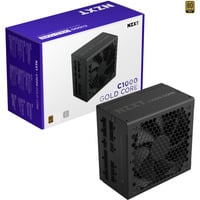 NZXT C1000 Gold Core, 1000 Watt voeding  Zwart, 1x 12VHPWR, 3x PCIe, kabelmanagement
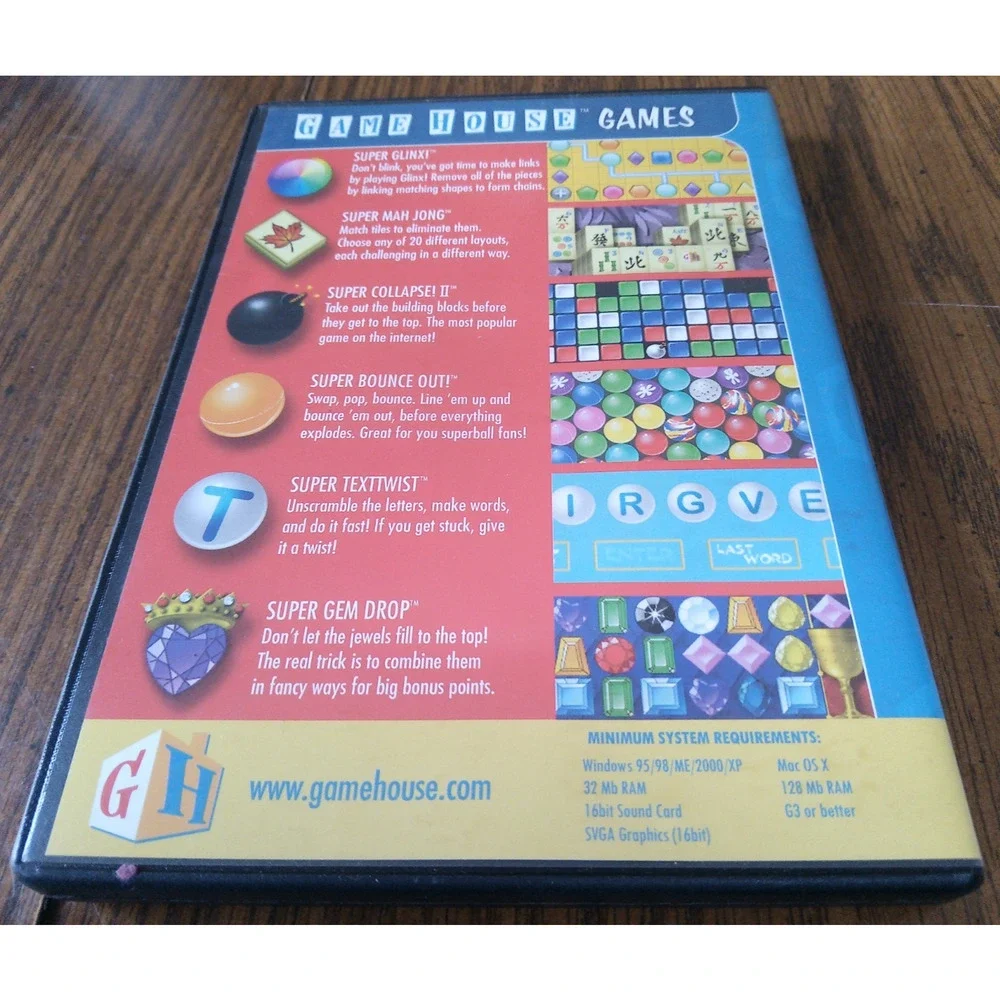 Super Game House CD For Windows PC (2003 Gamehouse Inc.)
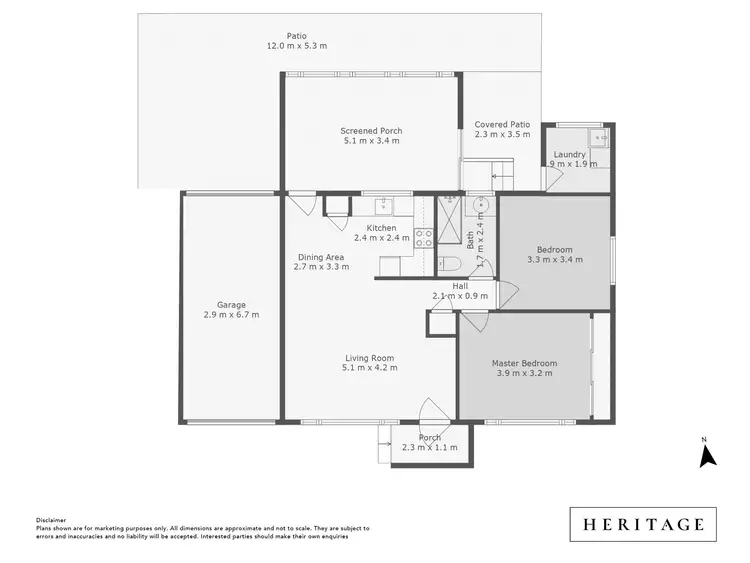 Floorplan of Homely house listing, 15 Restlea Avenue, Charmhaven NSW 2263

■ ■ ■ ■ ■

:: EXERCISE INSTRUCTIONS ::
Print the material exactly as given, but not the pictures.

:: RESPONSE AREA ::
 NZXT C1000 Gold Core, 1000 Watt voeding  Zwart, 1x 12VHPWR, 3x PCIe, kabelmanagement
 Super Game House CD For Windows PC (2003 Gamehouse Inc.)
 Floorplan of Homely house listing, 15 Restlea Avenue, Charmhaven NSW 2263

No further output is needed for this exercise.